- _WHAT THE EXERCISE ASKS_
In the data below, set down exactly the lines from the one containing "Modanatura passaruota posteriore" up to and including the one containing "ピュアライフ金田 その他7". Leave the pictures out.

- _DATA PROVIDED_
[Start of Attachment]
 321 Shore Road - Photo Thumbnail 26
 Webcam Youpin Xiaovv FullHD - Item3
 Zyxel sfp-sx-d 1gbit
[End of Attachment]
[Start of Attachment]
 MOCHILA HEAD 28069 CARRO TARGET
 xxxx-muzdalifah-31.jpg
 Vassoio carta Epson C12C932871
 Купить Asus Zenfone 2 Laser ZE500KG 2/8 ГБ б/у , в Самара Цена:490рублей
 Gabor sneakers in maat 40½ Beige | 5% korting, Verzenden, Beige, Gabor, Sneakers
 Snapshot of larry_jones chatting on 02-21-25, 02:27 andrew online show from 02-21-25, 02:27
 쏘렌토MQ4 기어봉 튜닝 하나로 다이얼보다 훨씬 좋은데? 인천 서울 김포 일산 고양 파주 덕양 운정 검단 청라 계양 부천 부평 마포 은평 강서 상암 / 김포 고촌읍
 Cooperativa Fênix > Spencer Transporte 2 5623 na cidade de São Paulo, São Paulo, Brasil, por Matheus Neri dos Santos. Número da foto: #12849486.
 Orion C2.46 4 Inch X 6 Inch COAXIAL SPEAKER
[End of Attachment]
[Start of Attachment]
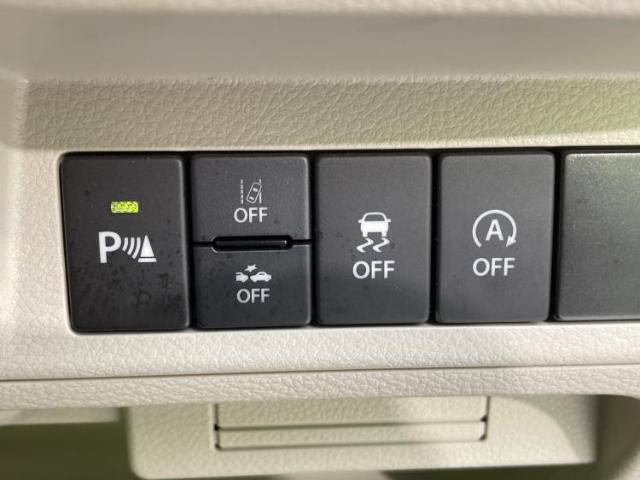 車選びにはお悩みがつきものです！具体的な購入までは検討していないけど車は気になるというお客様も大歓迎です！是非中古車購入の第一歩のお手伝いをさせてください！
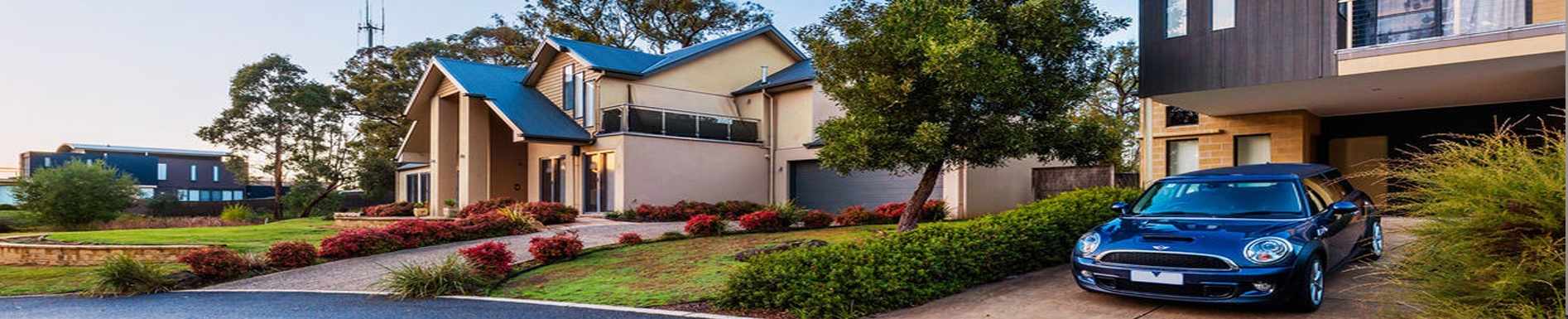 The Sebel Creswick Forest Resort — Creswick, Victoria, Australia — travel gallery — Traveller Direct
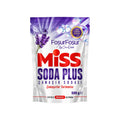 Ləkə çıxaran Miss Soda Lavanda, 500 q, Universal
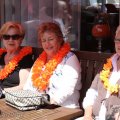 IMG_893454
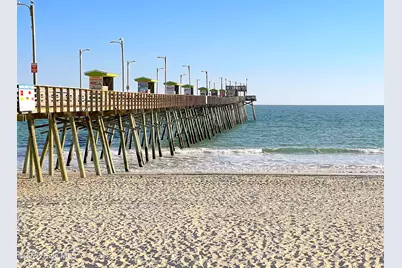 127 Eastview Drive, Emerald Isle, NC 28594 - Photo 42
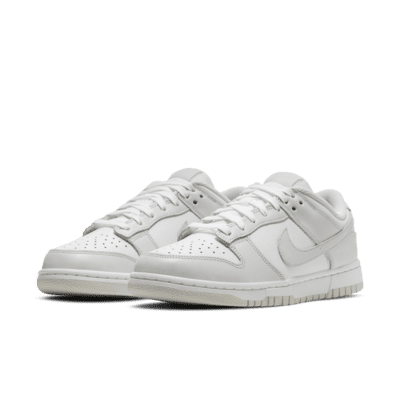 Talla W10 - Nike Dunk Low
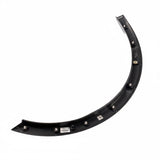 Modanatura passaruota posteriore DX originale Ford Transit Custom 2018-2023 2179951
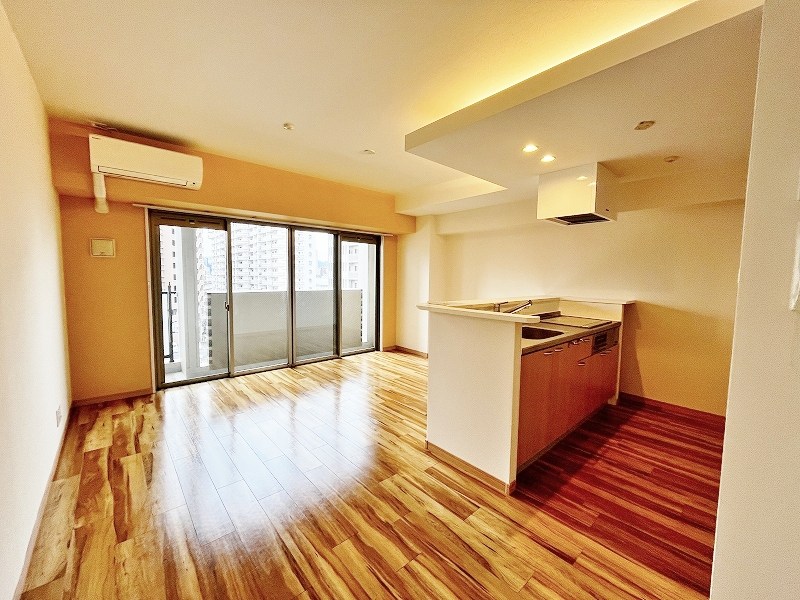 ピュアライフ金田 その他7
[End of Attachment]
- _RESPONSE TO THE TASK_
 Modanatura passaruota posteriore DX originale Ford Transit Custom 2018-2023 2179951
 ピュアライフ金田 その他7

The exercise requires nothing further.